By way of an interlude, before getting to the four bonus stories Swan River have included in this volume, we have the four line poem ‘On Leaving Mountjoy’, a paean of sorts for the prison where many Republicans were incarcerated, including Macardle herself.
Back to the stories, and a dying child is revived by a vision of her imprisoned older brother in ‘Escape’, the story predictable enough in spectral terms, but winning your heart with its depiction of the cruelty of British rule and the things men would sacrifice for some greater good. A leader of the resistance is saved by ‘The Curlew’s Cry’, his life given over into the safeguarding of a ghostly presence. It is the third or fourth variation we have seen on this theme in the collection, and just as well written and intriguing as the rest, with its depiction of the plight of a young woman whose family have been taken tugging on the heartstrings.

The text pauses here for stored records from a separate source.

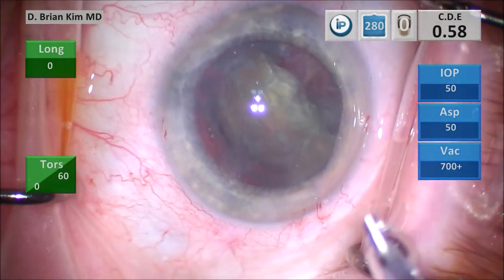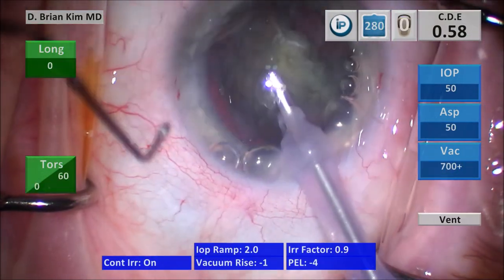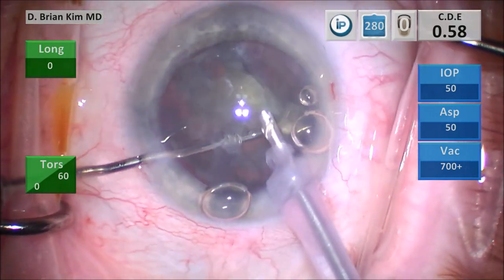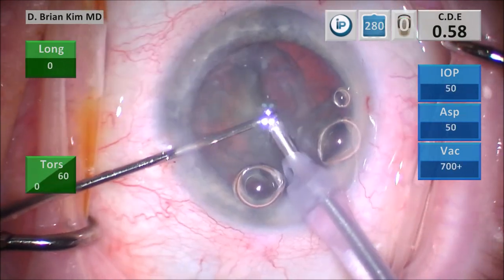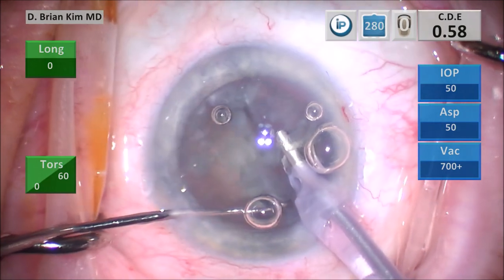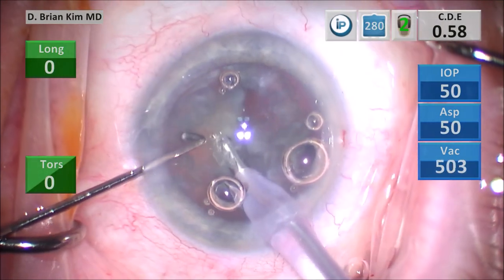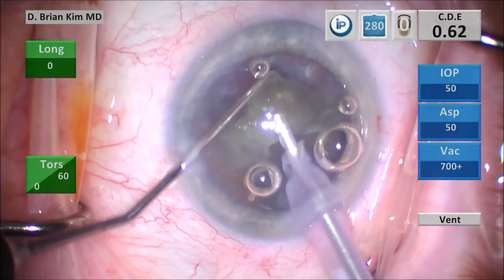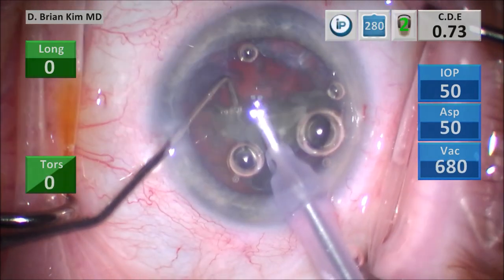I'm going to lift the incision again with the chopper, go in with the phaco tip, and now you can see the lens is quite mobilized. I'm trying to turn it, but it's not really turning still. Rather than turn the lens against the zonules, I just grabbed the lens with high vacuum, pulled it up, and then I was able to chop the lens in half. I'm using mechanical fracturing forces, using high vacuum and some ultrasonic energy to remove the lens pieces.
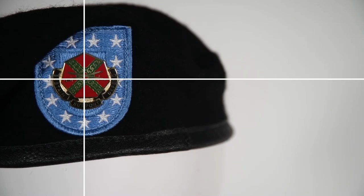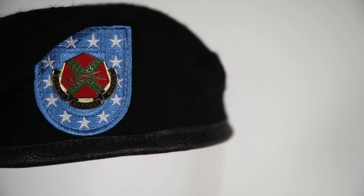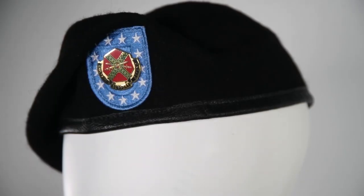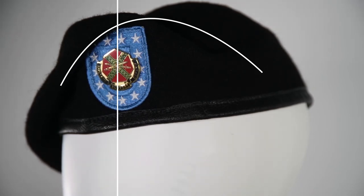Place unit insignia centered on the beret. The beret is worn parallel to the marching surface. The unit insignia is to be worn over your left eye, with the excess cloth folding over the right side of the head. Make sure your beret is shaped as shown.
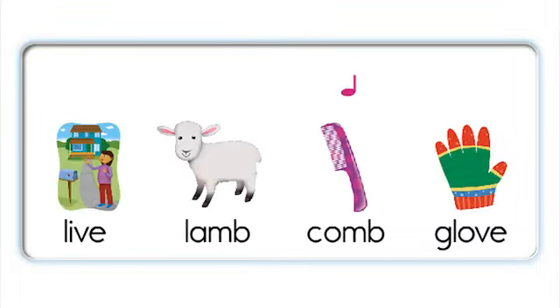Live, lamb, comb, glove. Live, lamb, comb, glove. Live, lamb. Live, lamb. Comb, glove. Comb, glove. Live, lamb. Comb, glove. Live, lamb.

‘The Black Banks’ opens with an elderly couple wracked with grief on learning that they have lost both their children and ends with a disobedient young boy turning up on their doorstep. It’s a story which punishes those who are overly judgemental and excels in its depiction of the wilful Patsy and his much put upon stepmother, while as ever the beauty of the Irish landscape and the perils that lay in ambush are an intrinsic part of the narrative. Finally we have ‘The Venetian Mirror’ which is the only one of these stories that is not set in Ireland. A young man who has visions of a beautiful woman in a mirror he has bought learns the story behind the glass from its previous owner. It is a tale of love and betrayal with a gratifying supernatural twist, one that treads the fine line between madness and the miraculous, with both men who have these visions believing they are insane and the world view of the Count threatened by the reality of an afterlife, so that it might be kinder if he were never to see the woman’s face in the mirror again. It’s an intriguing end to a strong collection.

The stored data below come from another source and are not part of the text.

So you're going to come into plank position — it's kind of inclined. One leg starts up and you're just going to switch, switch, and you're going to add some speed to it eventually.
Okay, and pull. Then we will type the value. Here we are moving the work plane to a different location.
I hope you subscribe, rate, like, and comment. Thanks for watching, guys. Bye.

If I have any reservations, it’s that there doesn’t seem to be much in the way of breadth to the characterisation in the book, with all the Irish freedom fighters of a saintly demeanour and all the British sadistic bastards, but it’s a quibble and by her own admission Macardle was “a propagandist, unrepentant and unashamed”. For the UK audience there are times when these stories make hard reading and serve as a valuable exercise in seeing ourselves as others have seen us. In our past, as with almost any nation, there are terrible deeds that need to be owned by future generations rather than glossed over or ignored, and Macardle’s work with its unflinching depiction of British brutality and repression reminds us of this.
The book comes with an introduction by Peter Berresford Ellis, in which he discusses the author’s life and work, and has dustjacket and cover illustrations courtesy of artist Brian Gallagher. Swan River published Earth-Bound in a limited edition of 350 copies, which is now shown as Sold Out on their website, though you can probably find copies elsewhere online.